● BRIEF
Without reproducing any picture, copy the records word for word.

● THE RECORDS
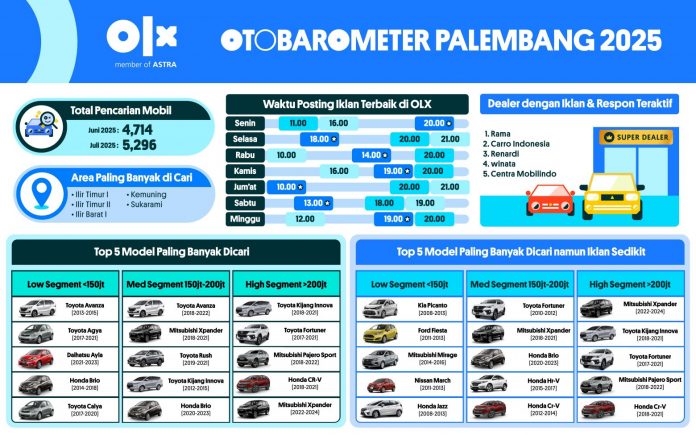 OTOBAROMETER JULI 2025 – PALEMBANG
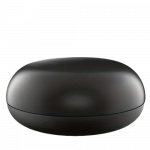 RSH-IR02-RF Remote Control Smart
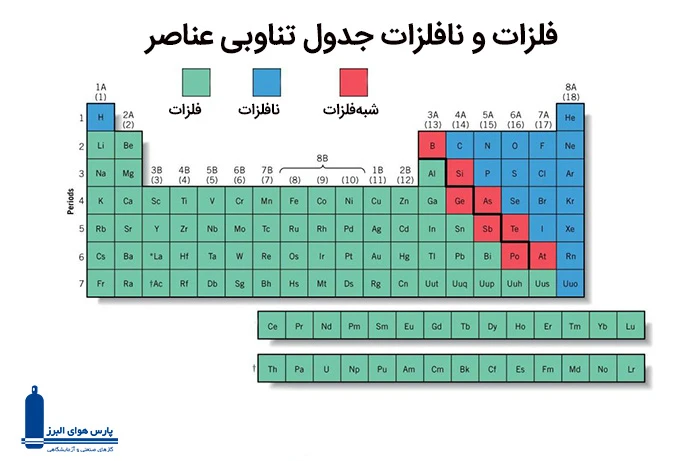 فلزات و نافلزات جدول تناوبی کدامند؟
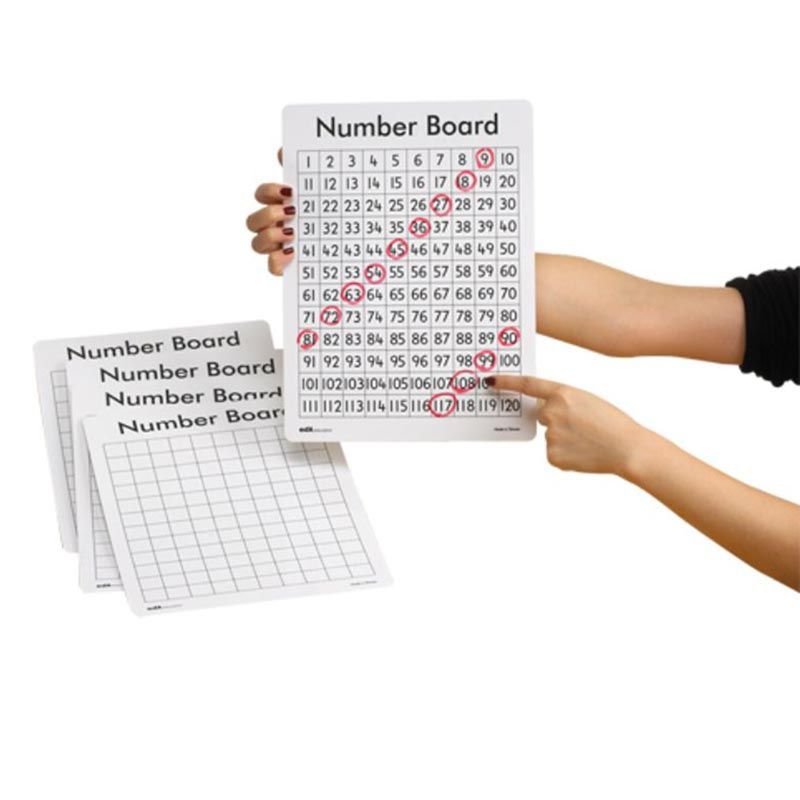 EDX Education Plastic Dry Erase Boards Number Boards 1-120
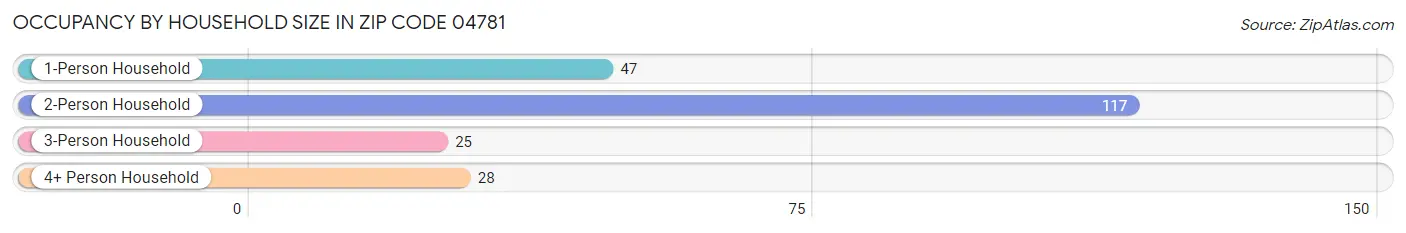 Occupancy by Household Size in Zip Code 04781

● COMPLETED TASK
 OTOBAROMETER JULI 2025 – PALEMBANG
 RSH-IR02-RF Remote Control Smart
 فلزات و نافلزات جدول تناوبی کدامند؟
 EDX Education Plastic Dry Erase Boards Number Boards 1-120
 Occupancy by Household Size in Zip Code 04781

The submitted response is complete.